→ Task prompt: What is needed is an exact copy of the records below, minus any pictures.

→ Information shown:
------------------------

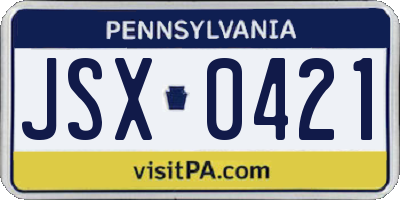 PA license plate JSX0421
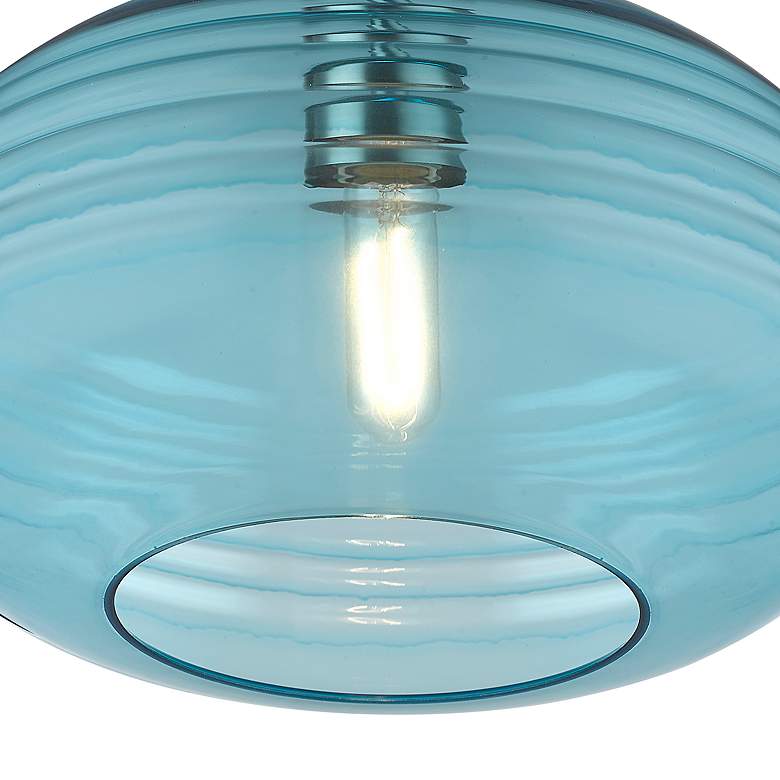 Image 4 Z-Lite Harmony 14" Wide Brushed Nickel Blue Glass Pendant Light more views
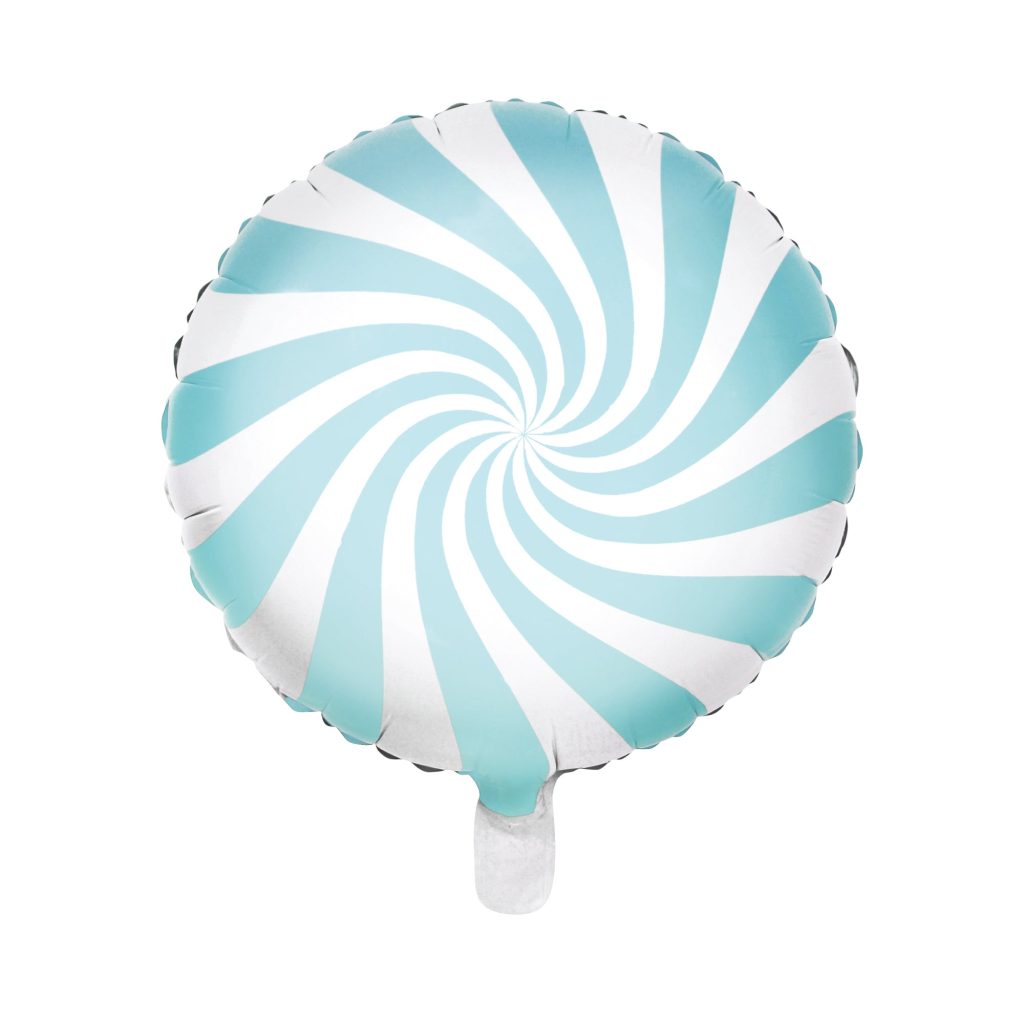 Light Blue Swirly Lollipop Foil Balloon 14in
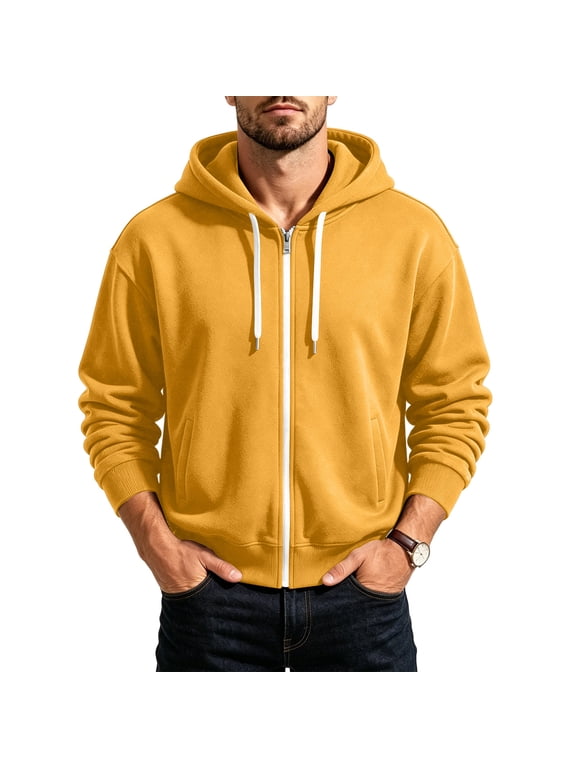 Men's Hoodies Zip up Long Sleeve Sweatshirts Solid Color Drawstring Hooded Jacket with Pockets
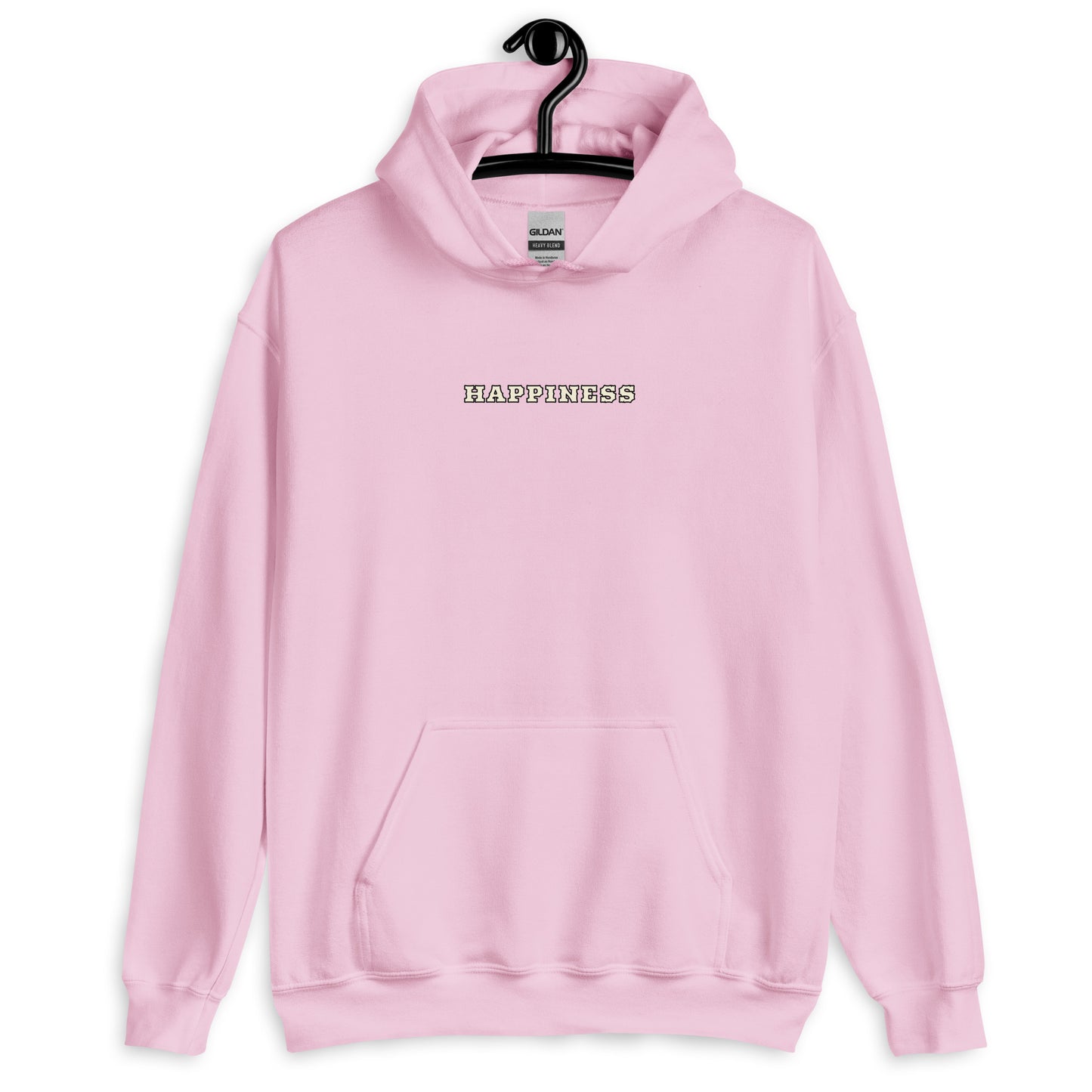 Sweat à capuche Happiness Worldwide rose clair face - broderie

------------------------

→ Reply:
 PA license plate JSX0421
 Image 4 Z-Lite Harmony 14" Wide Brushed Nickel Blue Glass Pendant Light more views
 Light Blue Swirly Lollipop Foil Balloon 14in
 Men's Hoodies Zip up Long Sleeve Sweatshirts Solid Color Drawstring Hooded Jacket with Pockets
 Sweat à capuche Happiness Worldwide rose clair face - broderie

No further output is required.